A few years ago, I was hunting Mississippi and a local hunter was lamenting how few mallards they had killed in recent years. “Only half limits some days, and shooting hens to get there,” he said.
As a hunter from Illinois, where the river is so silted in and polluted that it’s killed most of our duck habitat, I hardly felt bad for him. He was still shooting ducks in one of the most beautiful stretches of flooded oaks in the South. And the morning I hunted there; we could have all killed limits if he would have allowed us to shoot wood ducks—a big no-no for timber purists.
The mentality that only killing a few birds or having to shoot ducks other than mallards is a “bad day” must change. Duck hunters have to be satisfied with shooting a duck or two some mornings. And realize that getting skunked is just part of duck hunting, especially in areas that see a lot of pressure. I know that’s hard to stomach when you put in the time and effort of scouting public land. Or when you’re a private landowner, like my buddy in Mississippi, and have invested serious money in good duck habitat. But you need to adjust expectations if the duck hunting in your area is trending in the wrong direction.

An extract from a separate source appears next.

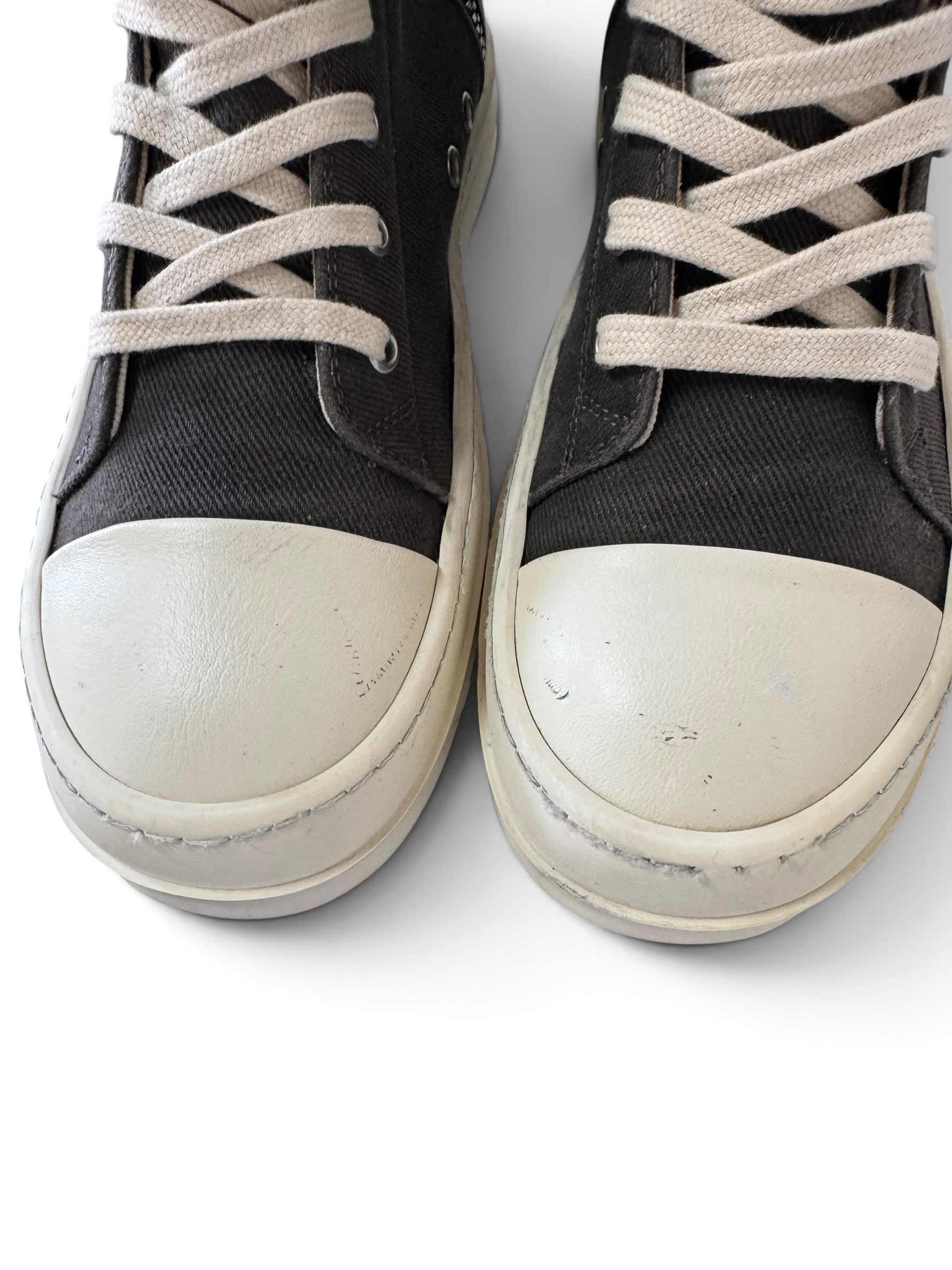 Rick owens drkshdw n39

Too many of us equate success with the number of birds on our strap and don’t celebrate the achievements of fellow hunters. Yes, we are competing with our neighbors for the best spots, whether that’s affording a lease on private land or racing the boat to the best duck hole in a public marsh. That competition will never subside, but you also can’t be pissed off when someone legitimately beats you to it and shoots ducks. Sure, it’s disappointing, but remember that on public land, how good or bad duck habitat is isn’t in your control. So if all the top blinds or stakes get taken, you just have to make do, which is what most of us who regularly hunt public land are doing every morning during the fall.
And if someone in your crew is getting hotheaded just be the voice of reason. We’re all out there to have fun. Getting in a cussing match or a fistfight at the boat ramp isn’t going to make your hunting better.
All duck hunters can help change the narrative, but the professional outdoor media needs to lead the way. There’s so much more to duck hunting than kill shots, so let’s see more stories and films that capture the full experience. The good news is, there are a handful of content creators doing this already.
“With Hunt41, I wanted to show all sides of duck hunting,” says Potter who co-owns Cana Outdoors and has helped build the waterfowl platform Hunt41, which documents the chase for all 41 species of North American waterfowl. “We show the success, the failure, hunting public land, hunting private land. And I hope that people see that duck hunters, no matter where they are from, are pretty much the same. We all want to shoot ducks and have fun doing it.”
I personally love to see people around me killing birds, regardless of where I am hunting. Watching two high-school kids trick honkers to fly just low enough over a public levee with good calling a few seasons ago was awesome. Seeing a group of buddies shoot four teal and send four different Labs to pick up each blue-wing so they all get a retrieve was equally as satisfying. And hearing a dad and his son break down the one hen mallard that was circling all the public stakes in the marsh with awful calling…I take joy in that, and you should too.
“I’ve been able to travel a lot of places to hunt ducks and have seen that we are all pretty much the same,” Potter says. “But I also know that there’s definitely a disconnect between duck hunters. If we all stood back and looked at U.S. waterfowl as a whole, we’d see that we are all pretty similar…We all have our great days, and we all struggle. If you think about that, it’s actually pretty refreshing.”